Only if yours is truly unfortunate.

I like the name I was born with and am relieved I will never have to change it. What a parade of inconveniences that would be—as though I’d moved, changed jobs, filed my taxes wrong, lost my wallet, and ruined my only monogrammed shirt all in the same day. I’d have to give up my byline, that token of reputation, and my rank on Google, which is reputation itself. The confusion wouldn’t be contained. It would affect everyone who’s ever known me, every database I’ve ever touched—like a prion eating through the bureaucracy, driving it mad.

Strange, then, that the first thing I’ve been told I’m supposed to do once I’ve finally found my partner in crime, my best friend, the woman I want to spend the rest of my life with, is to take her name from her.

I actually used to like this idea. I liked that it would be my name that was passed down to the kids, just as my father’s had been to me and his father’s to him. As a young man it made me feel powerful. I felt like the steward of something ancient.

Both parties to a marriage should keep their own name. We should treat taking his name with a slight raise of our eyebrow, a small chorus of righteous whispers.

As it turns out, I was—but the ancient thing was not the name “Somers,” it was the notion that in a union of equals the man is a little more equal than the woman. He gets to keep the name he was born with, while she gets a bundle of bad options: Shall she take his, at great expense to herself? Use both, one professionally and one personally? Keep her own, knowing that this will be seen by many as a choice of consequence and intrigue?

I have an idea for what we should do. It doesn’t involve hyphens. (Maybe it’s because I write software for a living, but when I hear that a couple has fused their names together I can’t help but think of their act recursing: of their children doing the same thing, and their children’s children, and so on down the generations. We’d all have a thousand names!)

Here it is: Both parties to a marriage should keep their own name.
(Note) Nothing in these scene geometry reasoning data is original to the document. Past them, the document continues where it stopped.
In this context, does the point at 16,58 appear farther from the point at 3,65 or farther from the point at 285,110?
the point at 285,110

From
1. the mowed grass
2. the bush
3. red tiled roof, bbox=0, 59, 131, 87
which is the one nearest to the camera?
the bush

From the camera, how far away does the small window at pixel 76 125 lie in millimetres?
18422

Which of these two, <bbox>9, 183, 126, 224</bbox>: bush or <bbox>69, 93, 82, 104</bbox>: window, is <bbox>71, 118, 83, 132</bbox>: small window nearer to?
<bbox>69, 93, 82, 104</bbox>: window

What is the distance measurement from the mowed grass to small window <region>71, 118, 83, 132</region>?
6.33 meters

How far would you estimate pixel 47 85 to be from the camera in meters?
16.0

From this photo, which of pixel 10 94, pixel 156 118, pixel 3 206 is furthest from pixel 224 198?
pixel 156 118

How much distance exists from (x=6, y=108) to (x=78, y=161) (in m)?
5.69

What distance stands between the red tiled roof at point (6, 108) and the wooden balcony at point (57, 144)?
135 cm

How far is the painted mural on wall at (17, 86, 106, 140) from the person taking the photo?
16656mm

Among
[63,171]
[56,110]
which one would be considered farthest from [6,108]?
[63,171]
We should treat taking his name with a slight raise of our eyebrow, a small chorus of righteous whispers. With luck and time, under the new social pressure the expectation will dissolve. It will come to seem as outmoded and gauche as smoking on an airplane.
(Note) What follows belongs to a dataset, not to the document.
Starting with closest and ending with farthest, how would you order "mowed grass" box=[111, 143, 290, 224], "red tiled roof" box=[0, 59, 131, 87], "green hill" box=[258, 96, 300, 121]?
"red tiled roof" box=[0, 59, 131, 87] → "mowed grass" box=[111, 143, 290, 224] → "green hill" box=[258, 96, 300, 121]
There is just so little gained by the tradition—say, the ability to put “Mr. and Mrs. Something” on a mailbox—for so much given up. A marriage doesn’t need more gestures of unity. Share a house, share a bank account. Do what my parents do and share an email address. That’s intimacy. But there is no need to share a name.

Well, that’s that. Hmm, wait a second: What about the kids?
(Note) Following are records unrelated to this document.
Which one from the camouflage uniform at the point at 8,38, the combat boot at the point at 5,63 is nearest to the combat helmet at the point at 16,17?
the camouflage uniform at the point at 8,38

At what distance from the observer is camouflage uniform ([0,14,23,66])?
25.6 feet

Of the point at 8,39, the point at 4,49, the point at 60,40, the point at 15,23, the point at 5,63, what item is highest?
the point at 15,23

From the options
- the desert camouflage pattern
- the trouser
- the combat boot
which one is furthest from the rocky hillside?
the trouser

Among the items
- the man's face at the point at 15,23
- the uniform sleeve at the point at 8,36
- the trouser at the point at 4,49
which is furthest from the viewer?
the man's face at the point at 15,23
Unless one person in the couple has an especially unfortunate or especially superior name, I suggest using a decision-making technology that is often talked about but rarely called upon in earnest. Flip a coin. Do it once, for all the kids. That way they get to share a name with their brothers and sisters, while still knowing that they came from two families, one of which decided, under the rule of chance, to give up its name so that the other’s could be passed on.

That’s my favorite part of this scheme: Many generations from now, a kid looking back through her family tree would watch her name bounce left and right up through the generations, here held by a woman, there by a man, story after story of equal sacrifice told through a zigzag.